Getting Used to Life in Tianjin
We’ve officially been living in China for 17 days. It simultaneously feels as if we’ve been here for months and that we’ve just arrived. For a while it felt like every hour of our time was accounted for. Class, work, homework, some form of paperwork, etc.
But now things have calmed a bit, and we’re settling into the flow of our daily lives. Monday through Thursday we have Chinese class in the mornings from eight until noon. On Thursday afternoons we have our weekly courses for our International Business degrees. For the first semester we’re focusing on Mandarin as to make daily life easier here in Tianjin.
Classes are fairly difficult. The first week the focus was primarily on pronunciation and the four tones of the Chinese language. In addition to some basic phrases, (Hello, goodmorning, my name is…, excuse me, I want to go to.. etc, etc.) So, far the most useful phrase I’ve learned is Wo hen e. I am very hungry.
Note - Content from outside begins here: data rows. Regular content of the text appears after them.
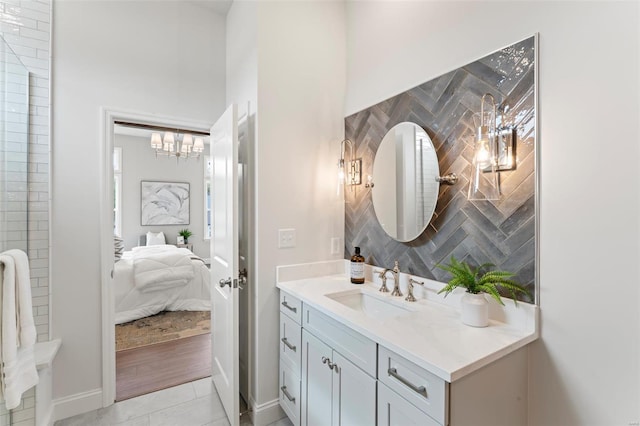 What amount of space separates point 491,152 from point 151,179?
663 cm

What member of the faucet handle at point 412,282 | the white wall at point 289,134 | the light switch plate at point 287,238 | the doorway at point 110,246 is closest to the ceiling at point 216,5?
the white wall at point 289,134

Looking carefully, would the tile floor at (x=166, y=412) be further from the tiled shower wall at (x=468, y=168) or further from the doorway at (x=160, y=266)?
the tiled shower wall at (x=468, y=168)

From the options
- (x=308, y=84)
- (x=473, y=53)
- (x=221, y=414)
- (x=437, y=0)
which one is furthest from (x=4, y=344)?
(x=437, y=0)

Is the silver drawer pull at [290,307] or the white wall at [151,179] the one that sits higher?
the white wall at [151,179]

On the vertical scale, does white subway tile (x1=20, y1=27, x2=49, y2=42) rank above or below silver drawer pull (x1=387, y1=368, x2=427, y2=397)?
above

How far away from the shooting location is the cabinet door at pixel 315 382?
5.00 ft

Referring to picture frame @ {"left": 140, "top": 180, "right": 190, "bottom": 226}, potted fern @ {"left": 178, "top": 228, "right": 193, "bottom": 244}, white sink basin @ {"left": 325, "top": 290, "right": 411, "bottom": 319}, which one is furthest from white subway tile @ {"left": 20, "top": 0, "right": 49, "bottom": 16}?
potted fern @ {"left": 178, "top": 228, "right": 193, "bottom": 244}

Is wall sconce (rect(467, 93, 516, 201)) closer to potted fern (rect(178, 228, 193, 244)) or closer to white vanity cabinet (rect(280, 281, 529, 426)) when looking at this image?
white vanity cabinet (rect(280, 281, 529, 426))

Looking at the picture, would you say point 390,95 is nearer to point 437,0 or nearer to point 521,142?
point 437,0

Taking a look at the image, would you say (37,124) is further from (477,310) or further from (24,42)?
(477,310)

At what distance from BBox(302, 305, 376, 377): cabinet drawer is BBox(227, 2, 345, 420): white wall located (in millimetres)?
465

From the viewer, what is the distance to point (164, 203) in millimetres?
6422

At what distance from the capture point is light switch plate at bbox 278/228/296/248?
204 centimetres

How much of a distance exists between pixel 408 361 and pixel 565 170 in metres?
0.96
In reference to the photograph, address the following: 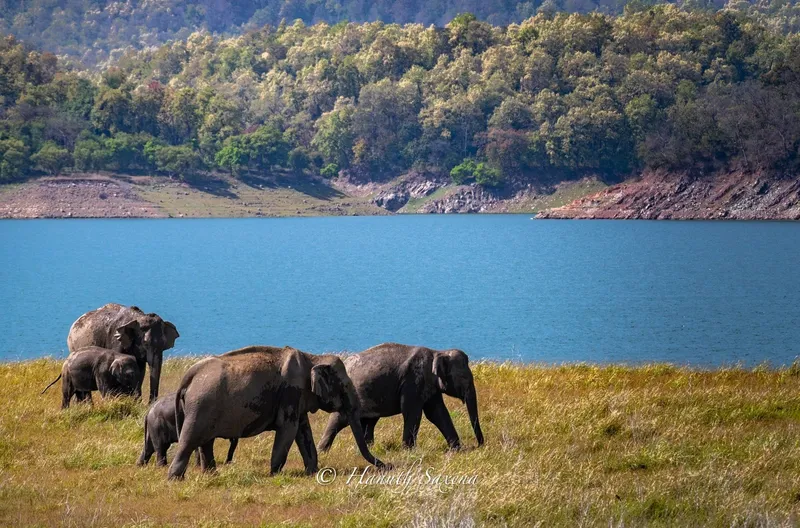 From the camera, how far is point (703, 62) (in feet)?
630

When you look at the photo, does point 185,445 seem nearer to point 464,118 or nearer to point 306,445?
point 306,445

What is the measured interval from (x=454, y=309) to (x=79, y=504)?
155 feet

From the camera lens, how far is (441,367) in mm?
16469

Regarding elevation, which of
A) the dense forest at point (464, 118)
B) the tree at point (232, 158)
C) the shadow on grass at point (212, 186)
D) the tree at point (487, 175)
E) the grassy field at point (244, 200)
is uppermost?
the dense forest at point (464, 118)

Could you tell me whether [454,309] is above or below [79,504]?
below

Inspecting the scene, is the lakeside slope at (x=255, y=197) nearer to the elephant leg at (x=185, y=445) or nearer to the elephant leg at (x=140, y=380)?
the elephant leg at (x=140, y=380)

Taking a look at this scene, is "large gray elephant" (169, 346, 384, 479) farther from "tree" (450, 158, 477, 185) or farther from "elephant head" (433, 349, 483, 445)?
"tree" (450, 158, 477, 185)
We teach English on the weekends, which is honestly an immense joy. I definitely prefer the advanced students. They say the funniest things. I try to structure practice sentences around their interests. For the boys we ask a lot of questions about Minecraft. It’s so fun to help them understand the meanings and usage behind the English language.
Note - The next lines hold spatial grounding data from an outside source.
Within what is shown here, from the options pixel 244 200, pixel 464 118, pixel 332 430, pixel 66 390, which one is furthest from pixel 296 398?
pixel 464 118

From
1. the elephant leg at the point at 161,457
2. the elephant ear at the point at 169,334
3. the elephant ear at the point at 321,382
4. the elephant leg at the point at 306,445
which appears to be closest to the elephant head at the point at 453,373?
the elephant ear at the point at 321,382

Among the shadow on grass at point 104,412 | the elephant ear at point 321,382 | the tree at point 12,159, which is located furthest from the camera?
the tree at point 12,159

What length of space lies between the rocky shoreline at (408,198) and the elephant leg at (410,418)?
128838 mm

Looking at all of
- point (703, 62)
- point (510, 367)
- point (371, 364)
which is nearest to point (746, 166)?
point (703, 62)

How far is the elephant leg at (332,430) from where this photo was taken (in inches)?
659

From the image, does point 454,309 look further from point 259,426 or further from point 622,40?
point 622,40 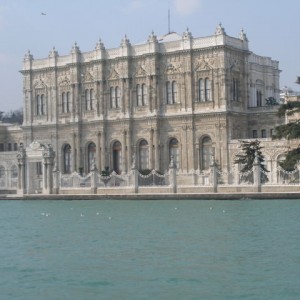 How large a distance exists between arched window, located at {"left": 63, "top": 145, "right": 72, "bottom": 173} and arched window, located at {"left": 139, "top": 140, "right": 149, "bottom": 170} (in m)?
6.21

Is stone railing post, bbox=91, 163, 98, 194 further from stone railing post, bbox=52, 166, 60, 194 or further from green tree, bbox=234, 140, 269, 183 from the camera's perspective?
green tree, bbox=234, 140, 269, 183

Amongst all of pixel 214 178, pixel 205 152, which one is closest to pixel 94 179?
pixel 214 178

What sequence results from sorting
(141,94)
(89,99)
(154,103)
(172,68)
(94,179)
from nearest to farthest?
(94,179)
(172,68)
(154,103)
(141,94)
(89,99)

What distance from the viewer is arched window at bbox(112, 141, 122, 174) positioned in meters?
58.8

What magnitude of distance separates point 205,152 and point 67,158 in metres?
11.8

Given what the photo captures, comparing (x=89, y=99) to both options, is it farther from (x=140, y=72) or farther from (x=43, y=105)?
(x=140, y=72)

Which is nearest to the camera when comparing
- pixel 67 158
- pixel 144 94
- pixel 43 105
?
pixel 144 94

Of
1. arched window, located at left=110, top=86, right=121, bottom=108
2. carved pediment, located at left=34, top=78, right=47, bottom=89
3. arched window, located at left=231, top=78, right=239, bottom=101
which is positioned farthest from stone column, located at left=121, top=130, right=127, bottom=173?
carved pediment, located at left=34, top=78, right=47, bottom=89

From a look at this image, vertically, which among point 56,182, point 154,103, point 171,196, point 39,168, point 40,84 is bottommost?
point 171,196

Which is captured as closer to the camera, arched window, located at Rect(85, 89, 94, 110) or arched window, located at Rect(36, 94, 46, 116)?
arched window, located at Rect(85, 89, 94, 110)

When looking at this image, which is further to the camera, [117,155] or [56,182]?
[117,155]

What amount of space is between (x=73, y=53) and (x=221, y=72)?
12.2 meters

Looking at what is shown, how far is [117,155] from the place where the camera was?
59.2 meters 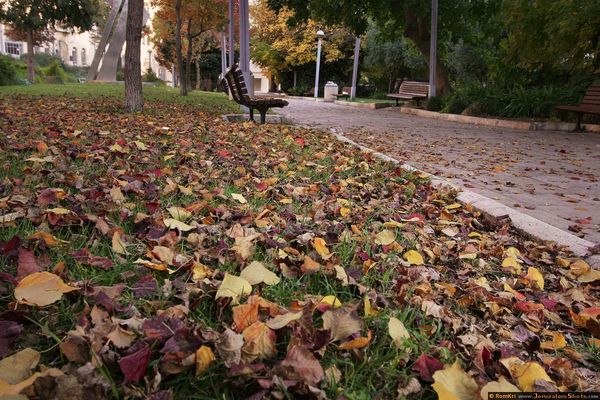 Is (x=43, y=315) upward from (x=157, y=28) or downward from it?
downward

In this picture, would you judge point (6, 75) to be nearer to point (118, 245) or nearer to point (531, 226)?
point (118, 245)

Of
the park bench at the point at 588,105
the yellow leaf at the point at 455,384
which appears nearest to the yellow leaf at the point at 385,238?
the yellow leaf at the point at 455,384

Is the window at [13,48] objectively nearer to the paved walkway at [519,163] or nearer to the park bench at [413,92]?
the park bench at [413,92]

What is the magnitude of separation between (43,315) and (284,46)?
3270 centimetres

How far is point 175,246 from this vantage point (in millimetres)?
1863

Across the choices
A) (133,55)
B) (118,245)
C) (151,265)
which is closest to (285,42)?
(133,55)

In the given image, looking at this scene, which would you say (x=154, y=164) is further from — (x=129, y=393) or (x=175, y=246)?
(x=129, y=393)

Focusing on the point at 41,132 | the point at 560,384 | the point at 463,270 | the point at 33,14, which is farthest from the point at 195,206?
the point at 33,14

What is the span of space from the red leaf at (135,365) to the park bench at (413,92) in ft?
57.2

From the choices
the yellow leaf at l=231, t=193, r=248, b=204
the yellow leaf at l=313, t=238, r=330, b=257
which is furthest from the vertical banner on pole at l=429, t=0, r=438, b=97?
the yellow leaf at l=313, t=238, r=330, b=257

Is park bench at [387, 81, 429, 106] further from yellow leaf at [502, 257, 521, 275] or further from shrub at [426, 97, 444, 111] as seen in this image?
yellow leaf at [502, 257, 521, 275]

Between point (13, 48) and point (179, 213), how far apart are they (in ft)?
204

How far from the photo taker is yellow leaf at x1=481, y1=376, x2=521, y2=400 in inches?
42.9

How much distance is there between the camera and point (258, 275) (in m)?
1.58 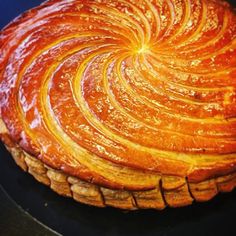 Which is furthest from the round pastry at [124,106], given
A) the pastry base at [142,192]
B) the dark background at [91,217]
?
the dark background at [91,217]

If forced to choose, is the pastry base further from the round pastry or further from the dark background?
the dark background

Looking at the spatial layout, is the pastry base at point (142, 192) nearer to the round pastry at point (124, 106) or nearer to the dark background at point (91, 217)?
the round pastry at point (124, 106)

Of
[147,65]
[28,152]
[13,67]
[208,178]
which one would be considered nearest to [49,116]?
[28,152]

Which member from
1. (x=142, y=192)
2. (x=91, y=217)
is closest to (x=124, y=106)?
(x=142, y=192)

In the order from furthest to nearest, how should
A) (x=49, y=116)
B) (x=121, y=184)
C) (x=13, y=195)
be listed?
(x=13, y=195) → (x=49, y=116) → (x=121, y=184)

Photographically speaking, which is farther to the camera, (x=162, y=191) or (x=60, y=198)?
(x=60, y=198)

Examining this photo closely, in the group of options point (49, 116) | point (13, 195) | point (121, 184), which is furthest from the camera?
point (13, 195)

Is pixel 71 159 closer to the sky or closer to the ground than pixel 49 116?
closer to the ground

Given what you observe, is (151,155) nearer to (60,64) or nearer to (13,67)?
(60,64)

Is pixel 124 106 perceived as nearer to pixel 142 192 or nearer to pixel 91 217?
pixel 142 192
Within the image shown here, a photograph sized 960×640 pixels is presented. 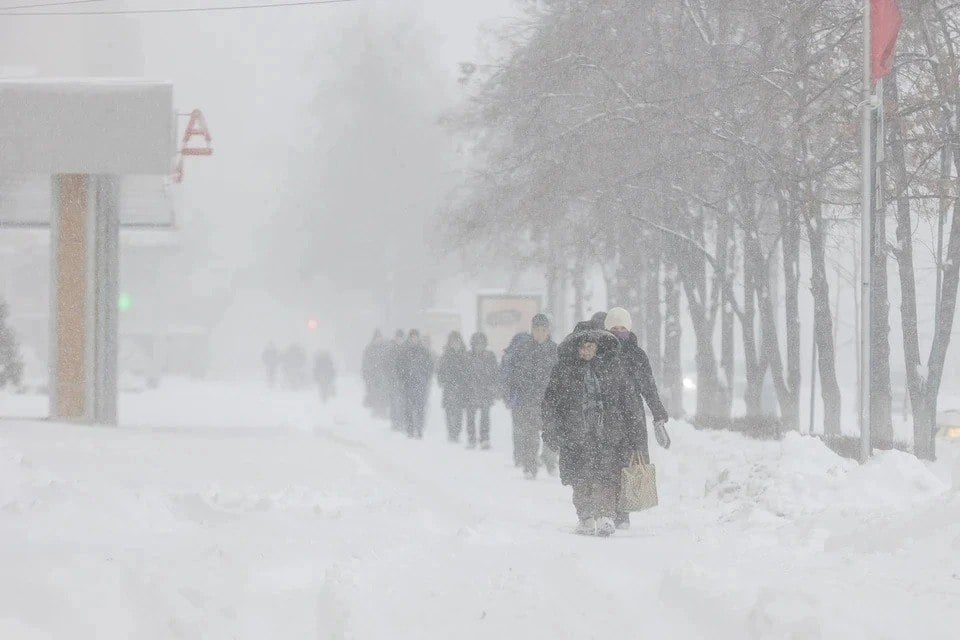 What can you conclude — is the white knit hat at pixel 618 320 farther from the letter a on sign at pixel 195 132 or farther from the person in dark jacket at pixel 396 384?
the person in dark jacket at pixel 396 384

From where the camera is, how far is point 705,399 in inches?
1047

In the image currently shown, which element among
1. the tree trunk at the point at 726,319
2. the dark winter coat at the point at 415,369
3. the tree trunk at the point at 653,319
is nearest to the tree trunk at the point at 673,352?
the tree trunk at the point at 653,319

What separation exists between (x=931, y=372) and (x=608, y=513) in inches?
383

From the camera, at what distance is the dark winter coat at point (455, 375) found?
21.7 metres

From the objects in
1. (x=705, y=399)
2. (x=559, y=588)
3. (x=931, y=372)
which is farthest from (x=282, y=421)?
(x=559, y=588)

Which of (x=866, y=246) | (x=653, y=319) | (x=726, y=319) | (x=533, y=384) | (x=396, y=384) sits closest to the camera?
(x=866, y=246)

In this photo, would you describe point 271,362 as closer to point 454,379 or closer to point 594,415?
point 454,379

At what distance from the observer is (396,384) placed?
986 inches

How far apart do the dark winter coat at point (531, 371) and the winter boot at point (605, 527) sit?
20.2ft

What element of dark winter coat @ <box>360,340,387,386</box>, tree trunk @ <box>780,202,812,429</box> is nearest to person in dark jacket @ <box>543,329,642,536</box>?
tree trunk @ <box>780,202,812,429</box>

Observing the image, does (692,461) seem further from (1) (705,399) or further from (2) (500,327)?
(2) (500,327)

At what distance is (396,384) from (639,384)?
47.0ft

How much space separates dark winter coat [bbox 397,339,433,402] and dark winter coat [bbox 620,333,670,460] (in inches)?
508

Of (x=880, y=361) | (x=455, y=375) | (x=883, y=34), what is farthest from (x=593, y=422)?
(x=455, y=375) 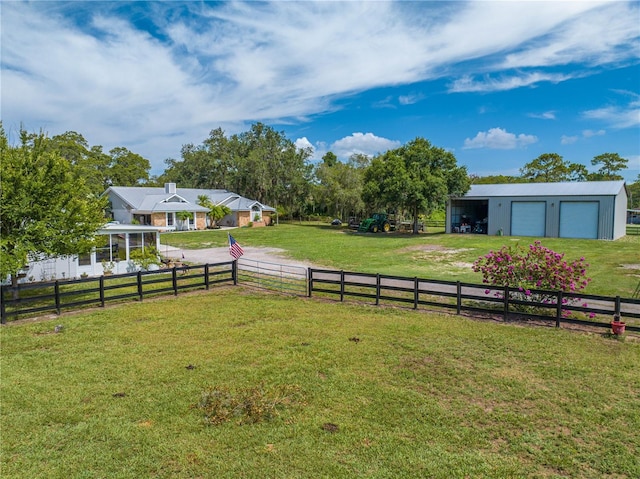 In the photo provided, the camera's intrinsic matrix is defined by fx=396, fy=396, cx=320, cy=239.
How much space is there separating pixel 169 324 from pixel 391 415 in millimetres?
6585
In our free time (which honestly hasn’t been too often), we’ve enjoyed exploring the neighborhood around our school. Called the Five Roads starting with Ma Chang Dao (Where TFSU is located). There are plenty of western style coffee shops. I’m writing this in one now. The architecture is a beautiful hybrid of Western aesthetic (From the Italian occupation during WWII) and Chinese décor and sensibilities.)
We’ve also taken to riding our bikes around the city. Adam received a bike as a gift for his birthday only a few days after our arrival. I’ve been using one of the many bike share apps to get around. It costs only 11RMB a month. ($1.6USD). Riding in Tianjin is a little intimidating; especially on the main roads as cars get a lot closer than what we’re used to. But it’s definitely a great way to see the city and get a feel for each neighborhood.
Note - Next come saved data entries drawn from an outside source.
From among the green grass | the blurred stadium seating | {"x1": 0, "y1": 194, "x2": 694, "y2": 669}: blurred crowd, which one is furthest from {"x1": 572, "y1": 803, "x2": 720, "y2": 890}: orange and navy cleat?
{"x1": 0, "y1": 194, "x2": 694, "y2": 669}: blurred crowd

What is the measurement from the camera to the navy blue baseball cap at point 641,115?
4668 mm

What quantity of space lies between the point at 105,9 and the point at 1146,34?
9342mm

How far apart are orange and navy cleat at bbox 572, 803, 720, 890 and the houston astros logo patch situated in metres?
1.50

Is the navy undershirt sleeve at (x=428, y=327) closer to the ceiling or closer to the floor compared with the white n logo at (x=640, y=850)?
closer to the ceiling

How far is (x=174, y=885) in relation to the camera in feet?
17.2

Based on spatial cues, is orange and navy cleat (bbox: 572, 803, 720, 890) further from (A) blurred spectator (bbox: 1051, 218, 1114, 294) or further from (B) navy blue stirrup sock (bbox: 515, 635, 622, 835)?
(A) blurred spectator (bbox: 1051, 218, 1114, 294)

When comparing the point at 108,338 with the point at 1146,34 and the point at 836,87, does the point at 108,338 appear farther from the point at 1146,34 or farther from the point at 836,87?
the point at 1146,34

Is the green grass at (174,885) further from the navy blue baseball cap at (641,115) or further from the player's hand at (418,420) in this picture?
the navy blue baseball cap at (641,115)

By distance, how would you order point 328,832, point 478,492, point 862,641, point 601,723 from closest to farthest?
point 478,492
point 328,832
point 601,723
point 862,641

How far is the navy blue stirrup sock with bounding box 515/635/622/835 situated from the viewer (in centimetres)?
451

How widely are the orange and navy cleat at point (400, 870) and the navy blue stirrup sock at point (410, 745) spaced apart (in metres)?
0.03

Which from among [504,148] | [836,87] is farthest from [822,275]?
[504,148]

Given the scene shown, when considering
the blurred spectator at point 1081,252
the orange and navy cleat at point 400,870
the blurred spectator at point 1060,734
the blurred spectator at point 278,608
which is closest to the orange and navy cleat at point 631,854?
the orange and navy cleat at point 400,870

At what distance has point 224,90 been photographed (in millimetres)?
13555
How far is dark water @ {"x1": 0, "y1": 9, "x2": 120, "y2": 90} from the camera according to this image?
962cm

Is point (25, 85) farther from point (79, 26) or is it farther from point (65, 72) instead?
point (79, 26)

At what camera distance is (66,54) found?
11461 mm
Because our school is International we’re making friends from all over the world. We’ve connected with our classmates really well because we share the frustrations of learning such a difficult language together. Because Adam and I are staying for longer than most, (many are here just for a semester) it’ll be sad to see them go! But, we are developing a core group of people that are here for 2.5 years like us.
Overall we’re adjusting to life here pretty well. I’m happy to be settling into our new normal. Making new habits, finding our favorite restaurants and carving out time to spend together as a couple.